Prepararsi alla Liturgia – III domenica del tempo ordinario

Lasciare le proprie reti

 Piero Stefani  (fonte..: www.IlRegno.it)

Gn 3,1-5.10; Sal 25 (24); 1Cor 7,29-31; Mc 1,14-20

Il Vangelo di questa settimana intreccia tra loro il tema del Regno e quello della conversione e della chiamata. «Il regno di Dio è vicino» (Mc 1,15). Nel contesto biblico il regnare di Dio è presentato, per lo più come una vittoria, vale a dire come l’esito di una contesa. È una regalità conquistata. Ciò apre scenari abissali. La più antica attestazione del regnare del Signore la si trova nel canto di vittoria pronunciato da Mosè dopo il passaggio del Mar Rosso, in cui trovò la morte l’esercito egizio: «il Signore regni in eterno e per sempre!» (Es 15,18).

Il grande macigno che pesa su questa affermazione è che un Dio che regna nella storia è di necessità un Dio schierato non solo dalla parte dei più deboli, ma anche contro i più forti; è lui a sconfiggere i prevaricatori. Come essere a favore degli oppressi senza contrastare in modo violento gli oppressori? Il racconto dell’esodo dall’Egitto, preso in se stesso, non risponde a questa sfida. Il linguaggio biblico, quando parla dell’affogamento di cavallo e cavaliere (cf. Es 15,1), è mitico. Se lo si decifra, esso ci lancia la sfida presente in tutta la storia fino a oggi: come contrastare senz’armi le infinite forme di violenza esercitate dal potere politico, economico o militare a scapito dei vinti, degli sfruttati, degli emarginati?

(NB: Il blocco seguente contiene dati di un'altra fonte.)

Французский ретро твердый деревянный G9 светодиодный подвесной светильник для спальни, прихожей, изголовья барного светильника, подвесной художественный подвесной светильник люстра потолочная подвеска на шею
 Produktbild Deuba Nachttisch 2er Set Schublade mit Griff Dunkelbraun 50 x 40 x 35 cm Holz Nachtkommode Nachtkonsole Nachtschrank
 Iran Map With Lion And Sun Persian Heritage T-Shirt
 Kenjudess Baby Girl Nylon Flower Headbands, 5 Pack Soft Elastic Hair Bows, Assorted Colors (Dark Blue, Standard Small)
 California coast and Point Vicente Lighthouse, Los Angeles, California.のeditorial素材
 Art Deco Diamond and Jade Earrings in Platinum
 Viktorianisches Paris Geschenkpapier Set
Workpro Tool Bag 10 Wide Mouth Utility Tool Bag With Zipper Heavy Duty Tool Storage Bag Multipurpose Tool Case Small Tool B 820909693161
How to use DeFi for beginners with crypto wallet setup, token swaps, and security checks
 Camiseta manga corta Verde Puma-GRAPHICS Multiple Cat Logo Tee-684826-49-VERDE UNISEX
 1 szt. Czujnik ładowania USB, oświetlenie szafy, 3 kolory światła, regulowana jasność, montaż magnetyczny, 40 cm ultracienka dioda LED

L’annuncio del «regno di Dio» costituisce anche un appello al Signore perché sia lui a sciogliere questo nodo.

L’inizio della predicazione del Vangelo – precisa Marco – ha luogo «dopo che Giovanni fu arrestato» (Mc 1,14). È forse un caso? Il potere ha esercitato la propria violenza sul profeta che parla a nome di Dio. Non era la prima volta; non sarebbe stata neppure l’ultima. Alle spalle dell’annuncio del Vangelo del Regno c’è la sopraffazione. L’appello alla conversione, o meglio – secondo l’etimo – al cambio di mentalità (verbo, metanoeo), va colto su questo sfondo. Solo se si muta il modo di pensare e di agire si è nelle condizioni di credere al Vangelo del Regno.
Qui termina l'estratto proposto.